Background: Comprehensive clinicopathological studies of neuropsychiatric symptoms (NPS) in dementia are lacking. Objective: To describe the pathological correlations of NPS in a sample of institutionalized people with dementia. Methods: We studied 59 people who were consecutively admitted to a nursing home and donated their brain. Correlations between pathological variables and NPS upon admission (n = 59) and at one-year follow-up assessment (n = 46) were explored and confirmed using bivariate and multivariate statistical methods. Results: Mean (SD) age at admission was 83.2 (6.4) years and mean (SD) age at demise was 85.4 (6.6); 73% of the subjects were female and 98% presented advanced dementia. The most frequent etiological diagnosis was Alzheimer’s disease (AD; 74.6% clinical diagnosis, 67.8% pathological diagnosis).

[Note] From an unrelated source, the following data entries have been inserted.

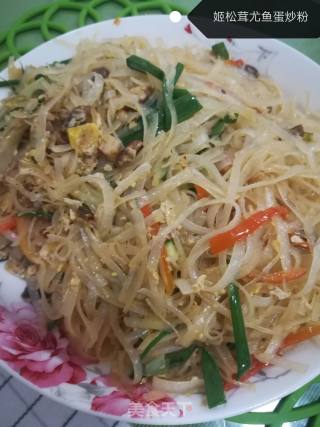 姬松茸鱿鱼蛋炒粉的做法步骤：6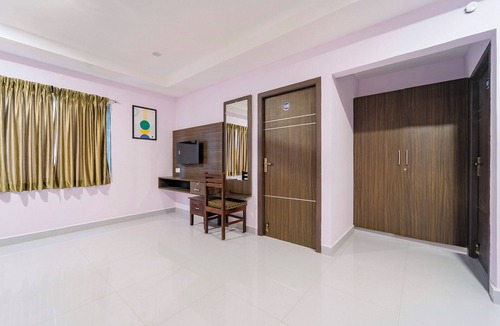 Kalapettai Hotel | Treebo Sri vi ka Residency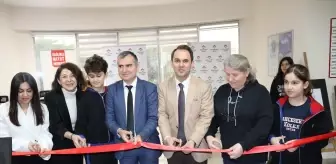 Ünye'de Hemşireler Günü'nde Sağlık Temalı Resim Sergisi Açıldı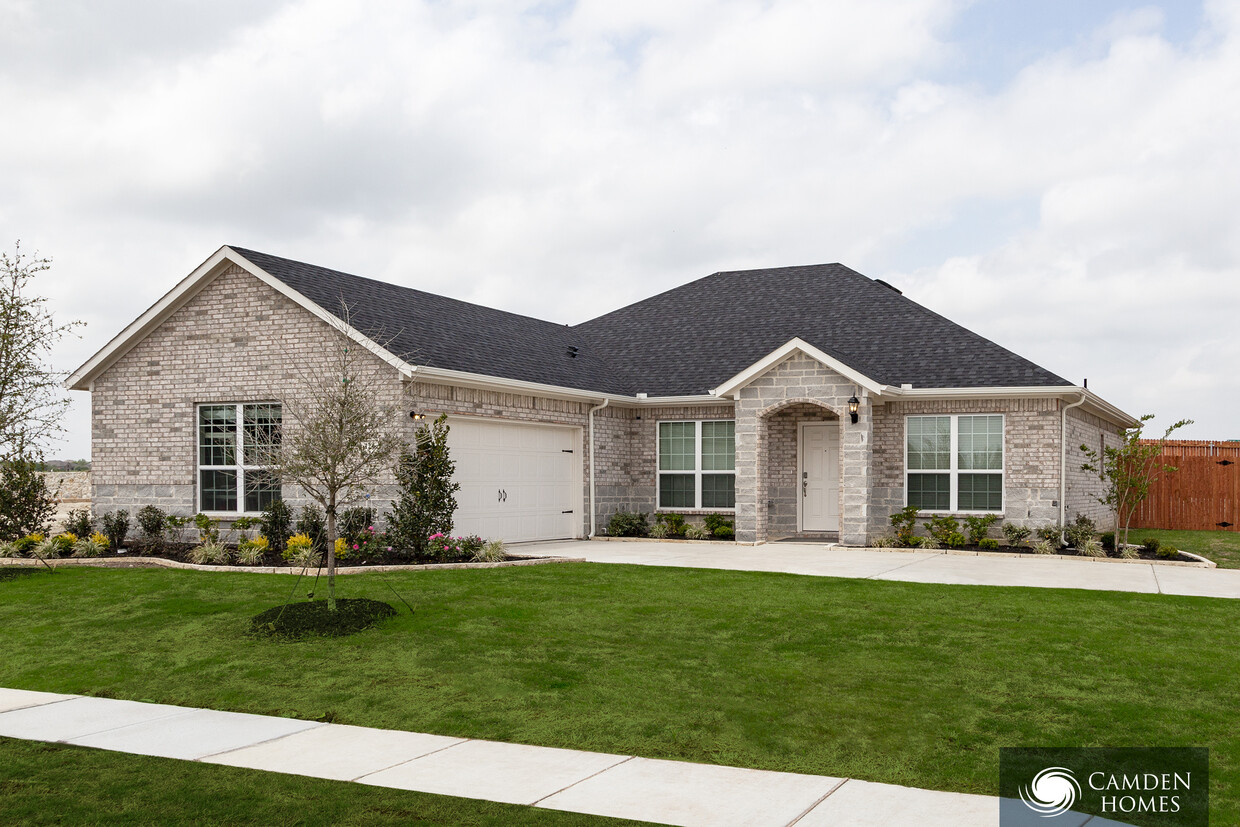Primary Photo - 679 Pinnacle Dr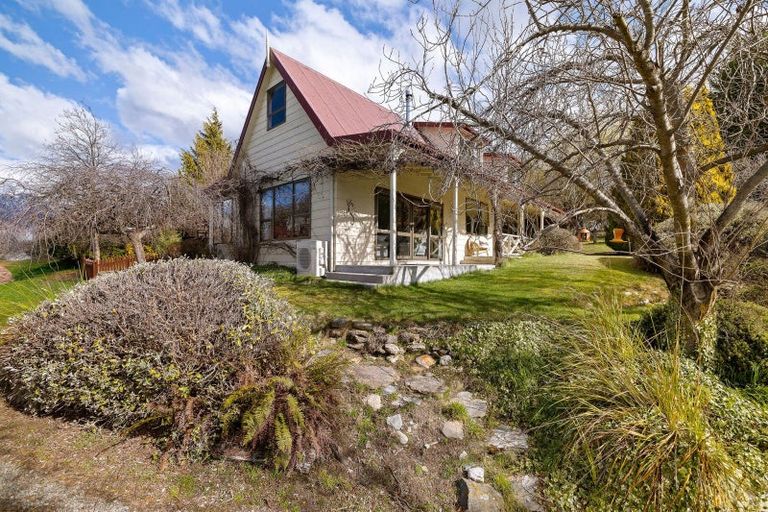 Photo of property in 35 Mountain View Road, Dalefield, Queenstown, 9371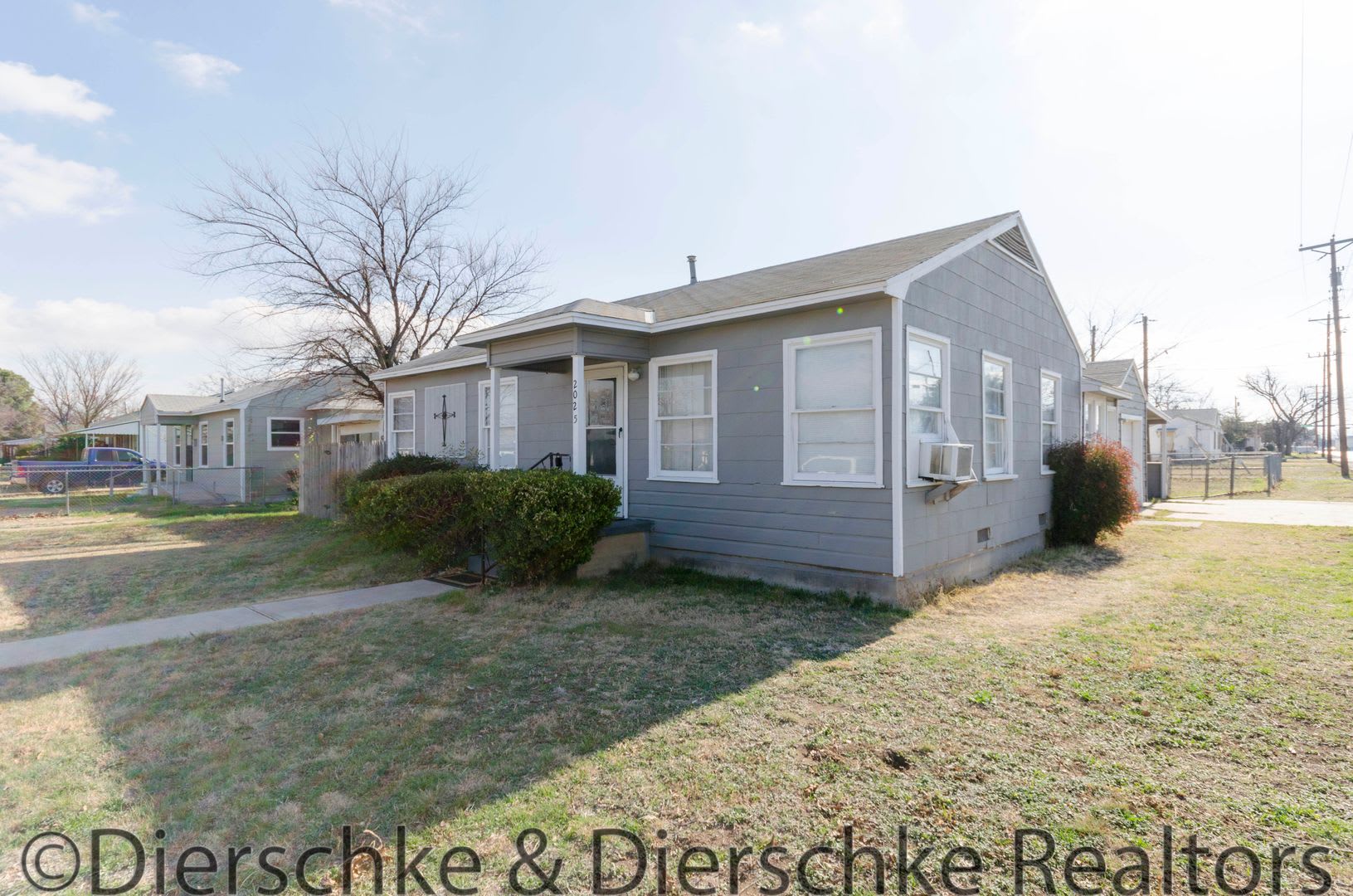 Cute, affordable 2 bedroom 1 bath house COMING SOON! – photo 3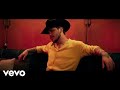 Christian Nodal - Nace Un Borracho (Video Oficial)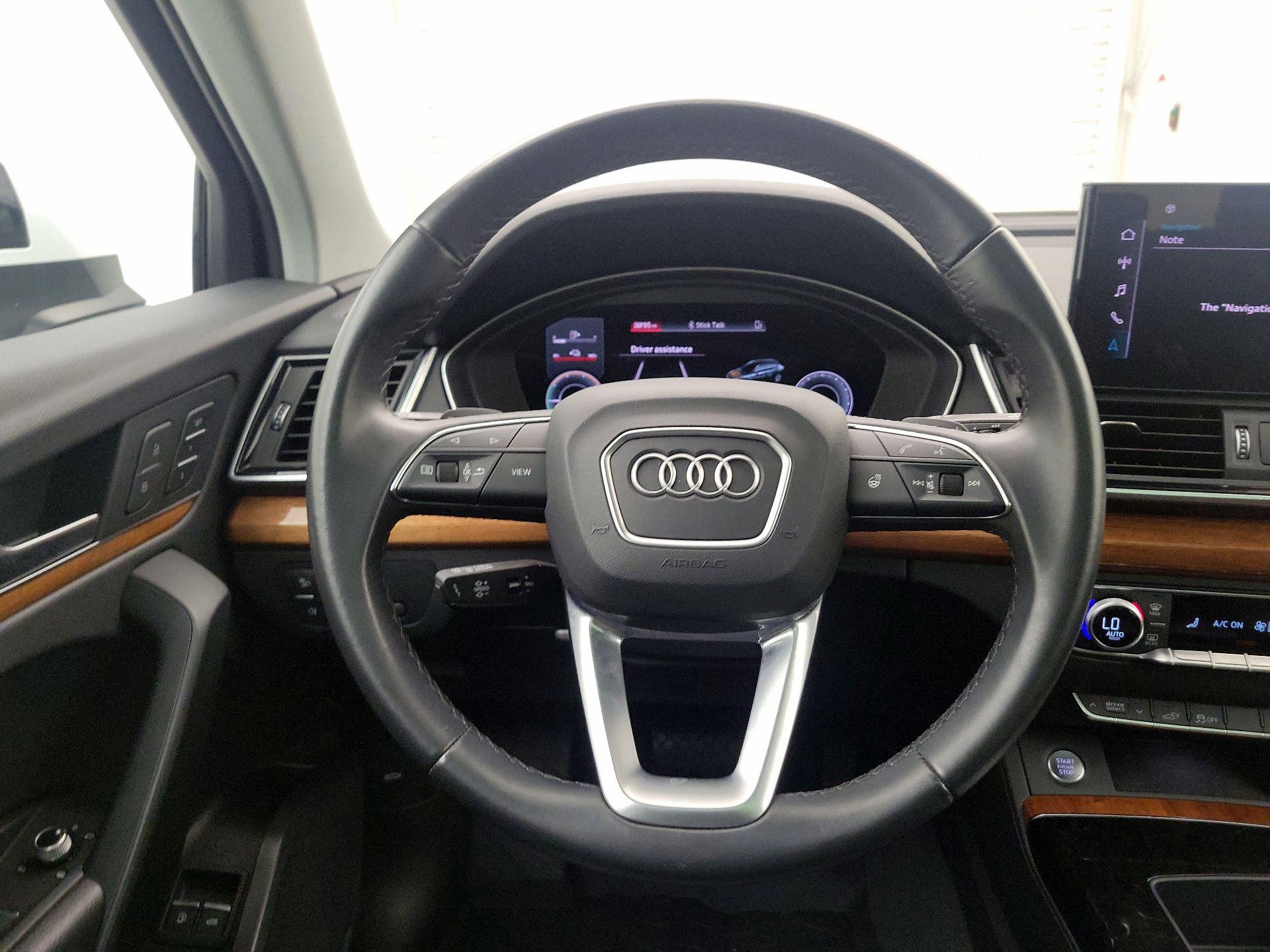 Thumbnail: 2023 Audi Q5 - 10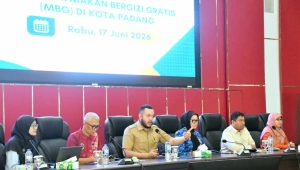 evaluasi-makan-bergizi-gratis-di-padang,-fadly-amran:-harus-gerakkan-ekonomi-lokal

The pathological diagnosis of AD was associated with aggression (β est 0.31), depression (β est 0.31), anxiety (β est 0.38), and irritability (β est 0.28). Tau stage correlated with aggressive symptoms (β est 0.32) and anxiety (βest 0.33). Coexistence of AD and Lewy body pathology was associated with depression (β est 0.32), while argyrophilic grains were associated with eating symptoms (β est 0.29). Predictive models were achieved for apathy, including cognitive performance, basal ganglia ischemic lesions, and sex as predictors (R2 0.38) and for sleep disorders, including pathological diagnosis of AD and age at demise (R2 0.18) (all p-values <0.05, unadjusted). Conclusion: AD was the main pathological substrate of NPS in our sample of very elderly people with advanced dementia. However, correlations were mild, supporting a model of focal/asymmetric rather than diffuse brain damage, along with relevance of environmental and other personal factors, in the genesis of those symptoms.